→ Exercise:
Return every entry exactly as written, with the pictures removed.

→ Provided data:
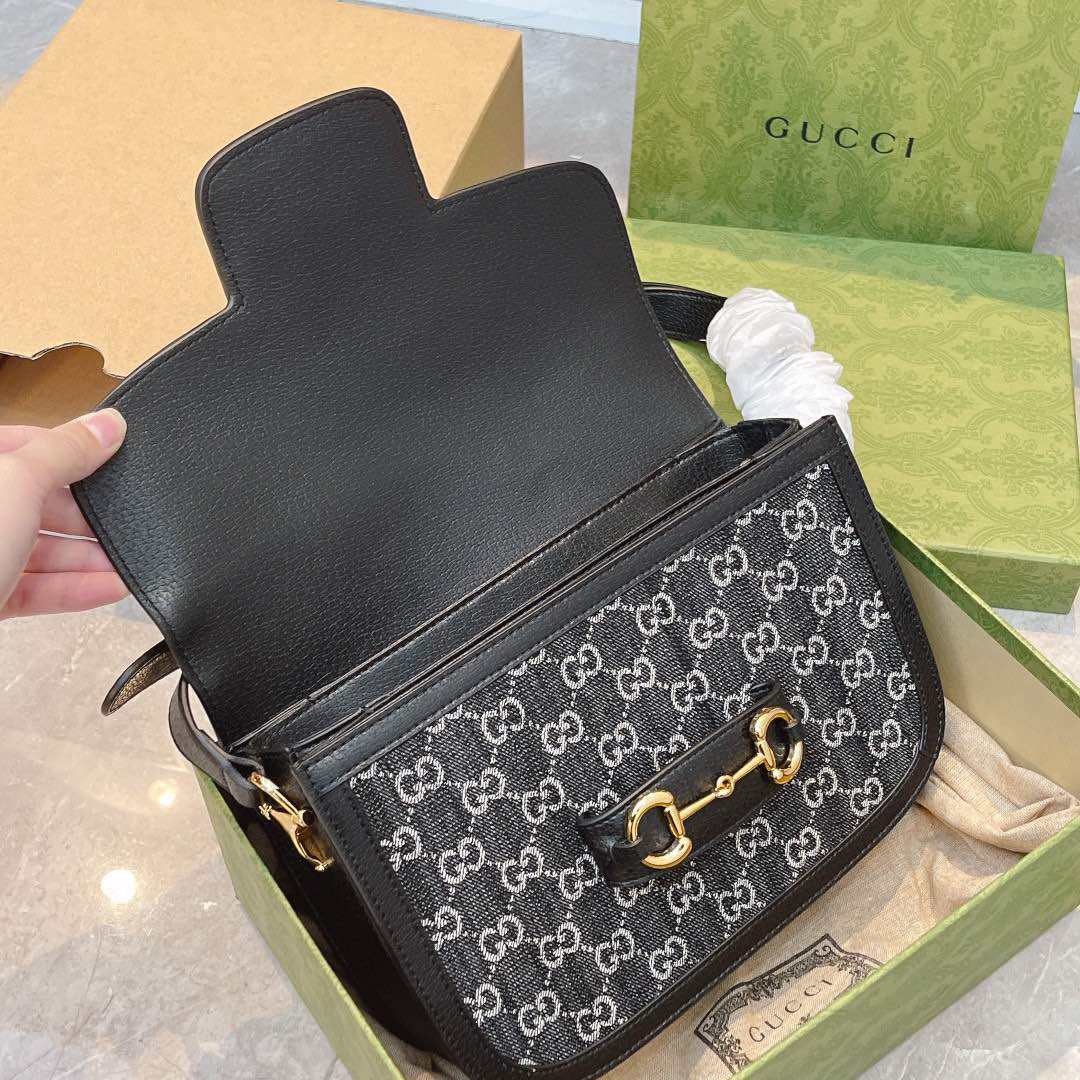 一眼钟情～被迷住了 这个新配色♥️ 经典双G图案和金属马衔扣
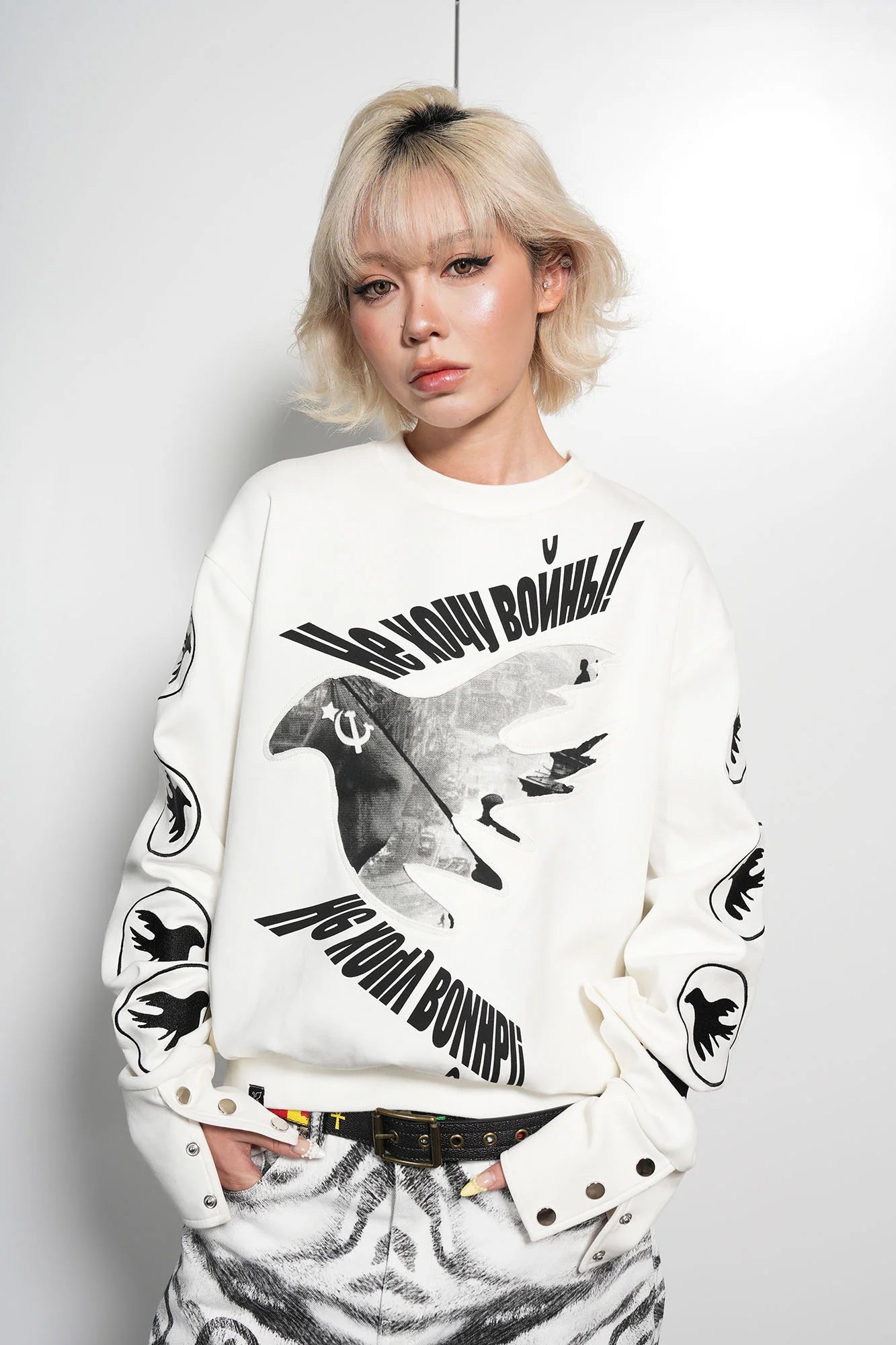 VINKID Peace Dove Patch Snap Sleeve Sweatshirt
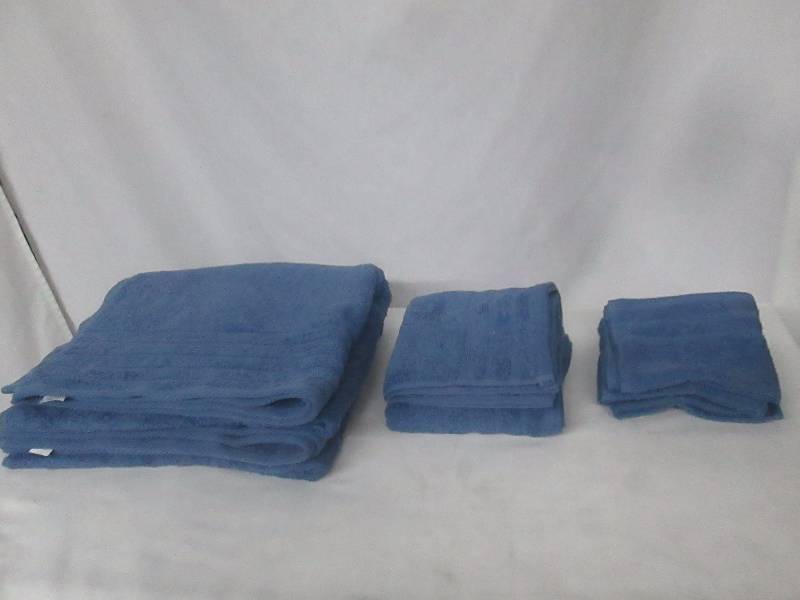 lot 37 image: Alcove 8-pc. Egyptian Cotton Towel Set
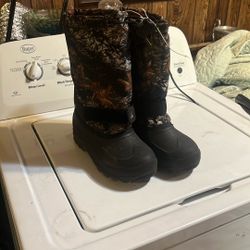 Kamik Camouflage Boots Size 6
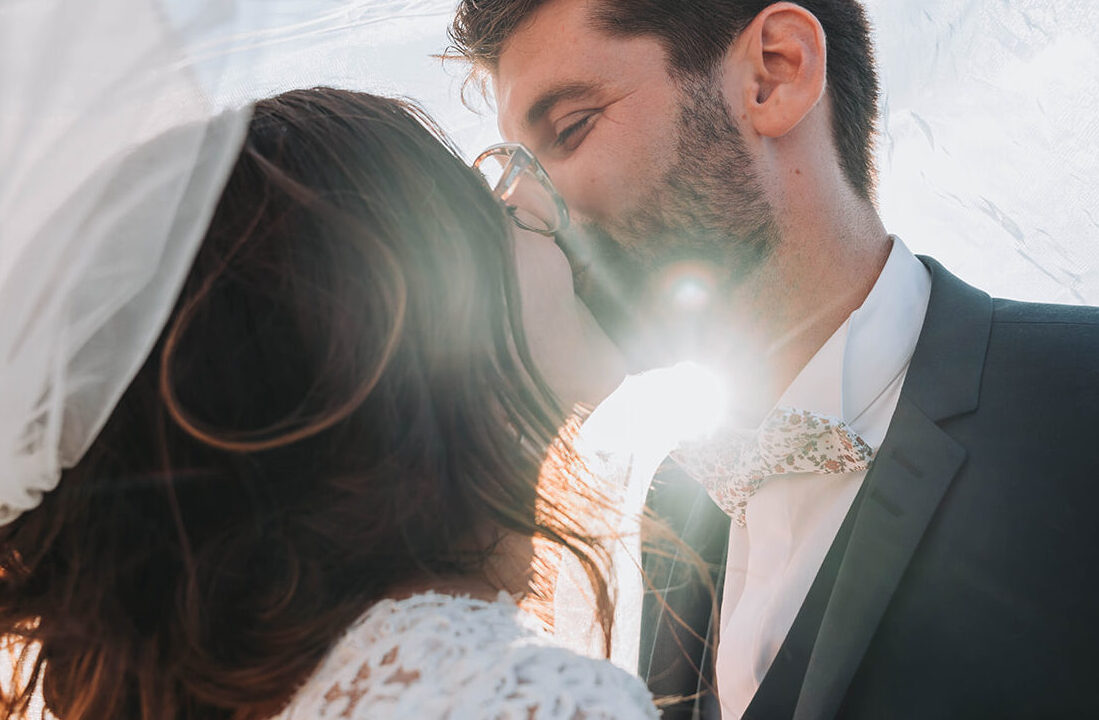Un couple de mariés dans une lumière naturelle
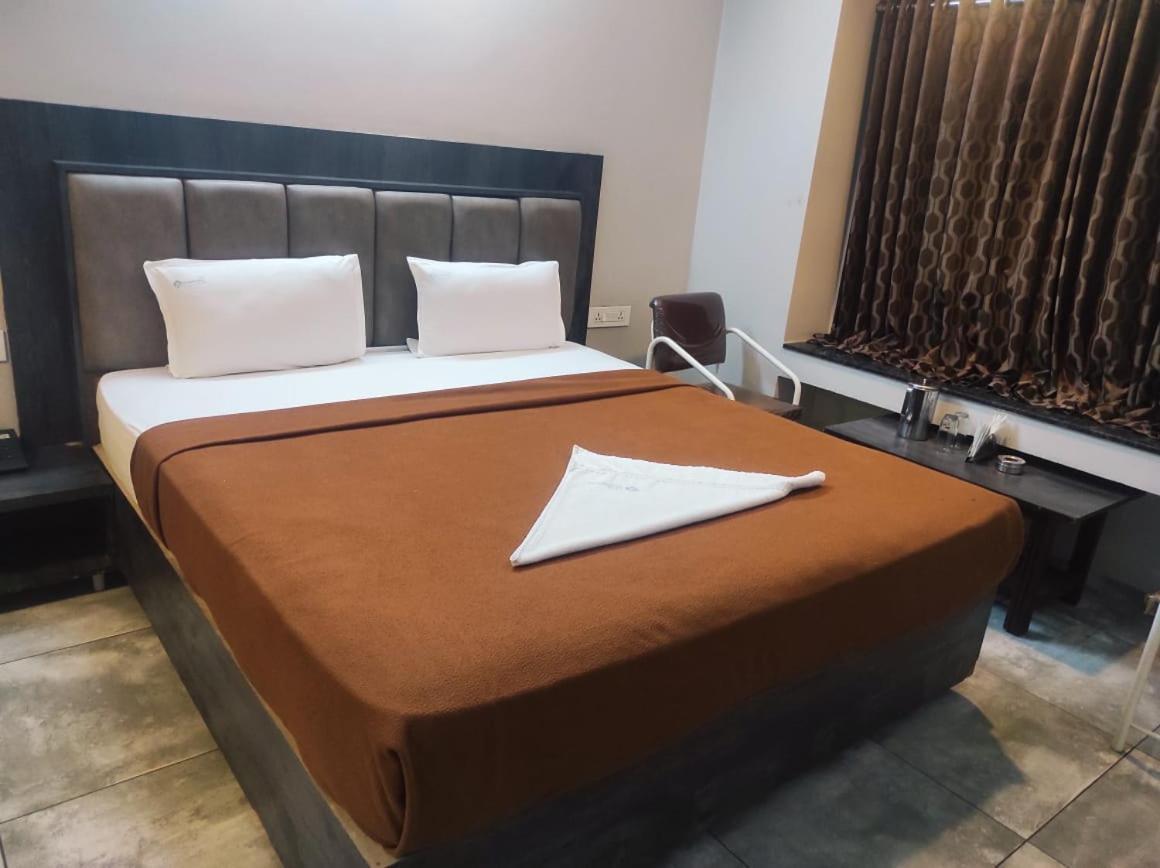 Hotel Vrindavan Deluxe โกลฮาปูร์ ภายนอก รูปภาพ
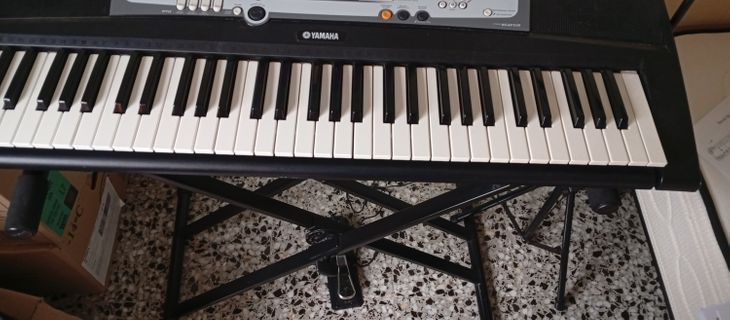 Piano Yamaha PSR-E213 con pedal sustain - Image2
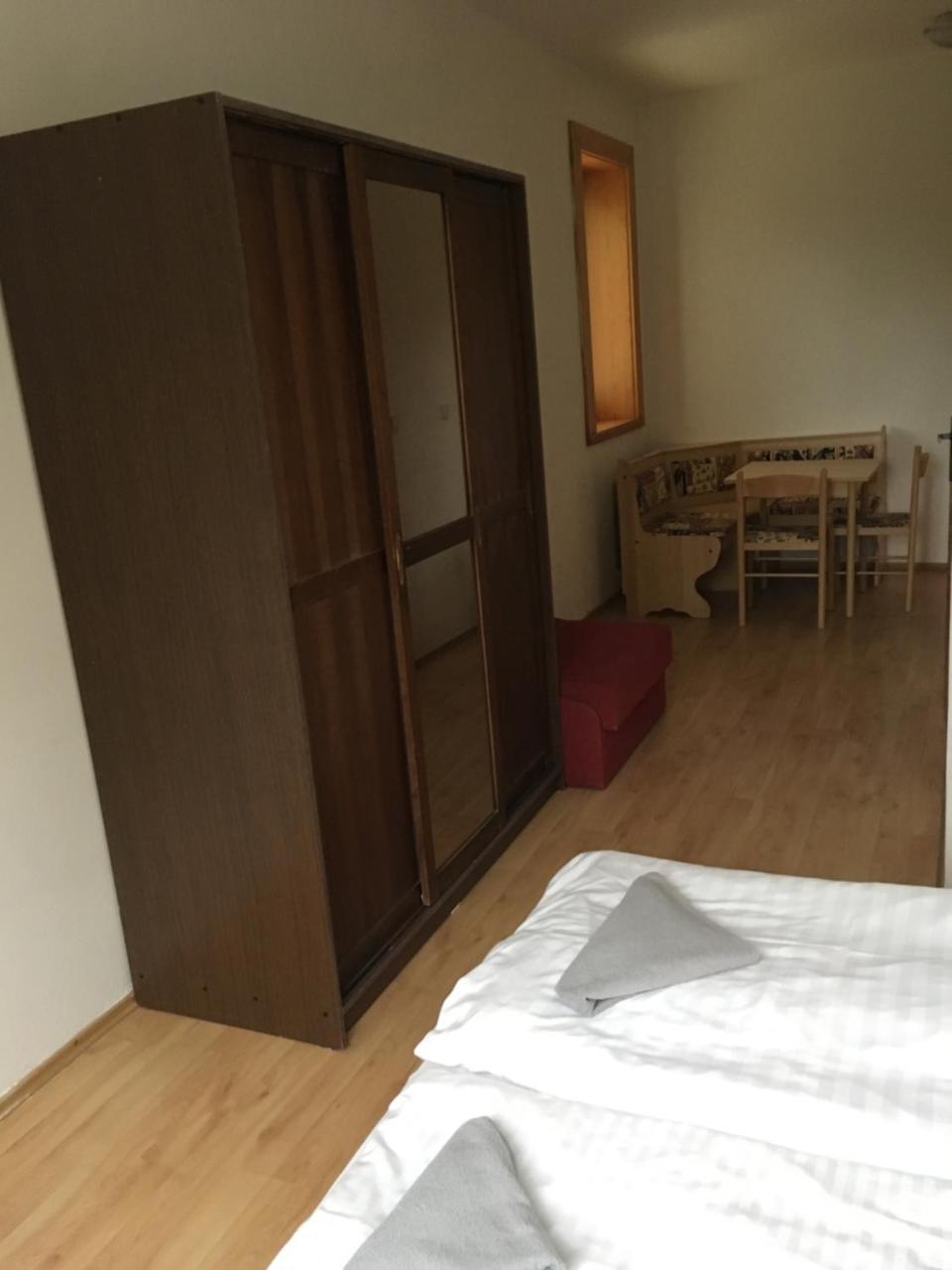 Holiday Park Vrchlabi - Lisci Farma Екстер'єр фото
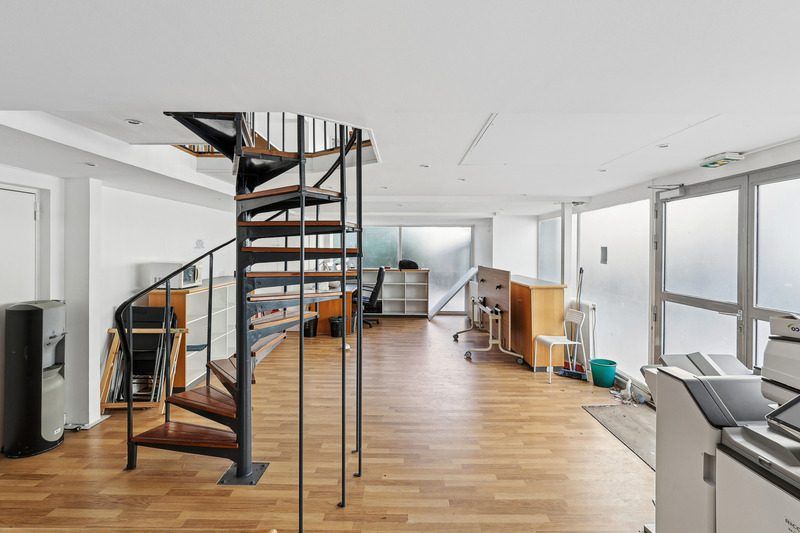 Location bureaux 168 m² à Paris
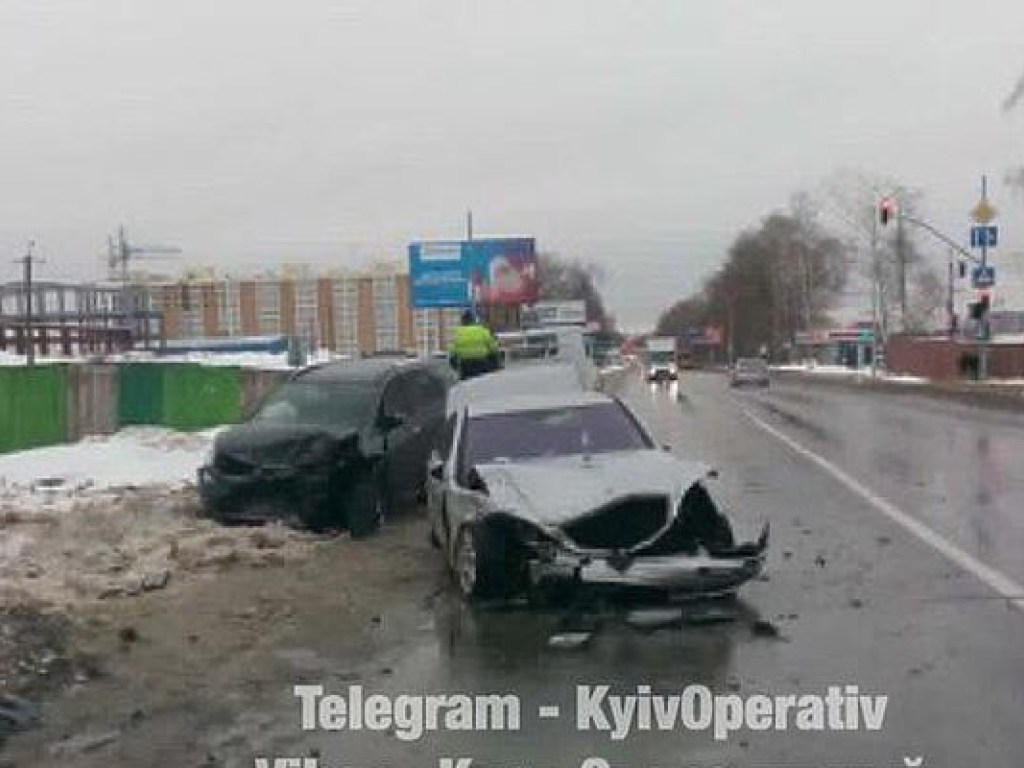 В Киеве Mercedes при попытке уйти от погони полиции встретил на встречной полосе Mitsubishi (ФОТО)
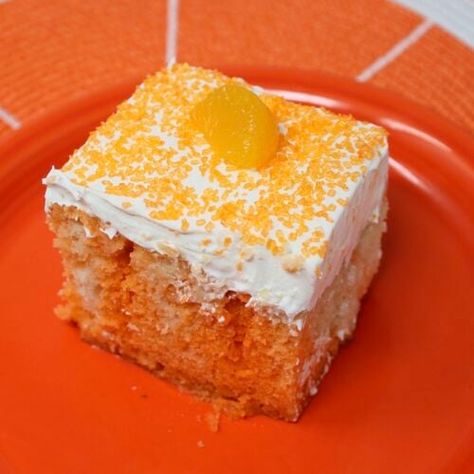 Orange Crush Poke Cake, Orange Crush Cake, Orange Desserts, Crush Cake, Poke Cake Recipe, Orange Dessert, Orange Crush Soda, Crush Soda, Orange Jello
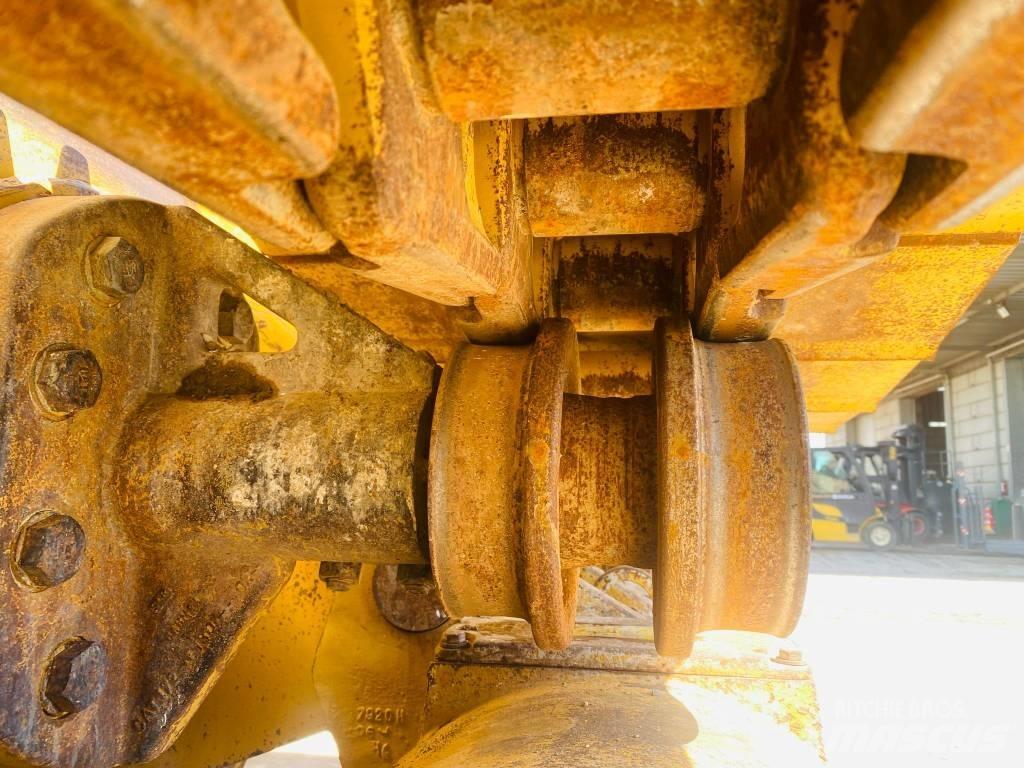 CAT 973 C Гусеничные фронтальные погрузчики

→ Solved problem:
 一眼钟情～被迷住了 这个新配色♥️ 经典双G图案和金属马衔扣
 VINKID Peace Dove Patch Snap Sleeve Sweatshirt
 lot 37 image: Alcove 8-pc. Egyptian Cotton Towel Set
 Kamik Camouflage Boots Size 6
Un couple de mariés dans une lumière naturelle
 Hotel Vrindavan Deluxe โกลฮาปูร์ ภายนอก รูปภาพ
 Piano Yamaha PSR-E213 con pedal sustain - Image2
 Holiday Park Vrchlabi - Lisci Farma Екстер'єр фото
 Location bureaux 168 m² à Paris
 В Киеве Mercedes при попытке уйти от погони полиции встретил на встречной полосе Mitsubishi (ФОТО)
 Orange Crush Poke Cake, Orange Crush Cake, Orange Desserts, Crush Cake, Poke Cake Recipe, Orange Dessert, Orange Crush Soda, Crush Soda, Orange Jello
 CAT 973 C Гусеничные фронтальные погрузчики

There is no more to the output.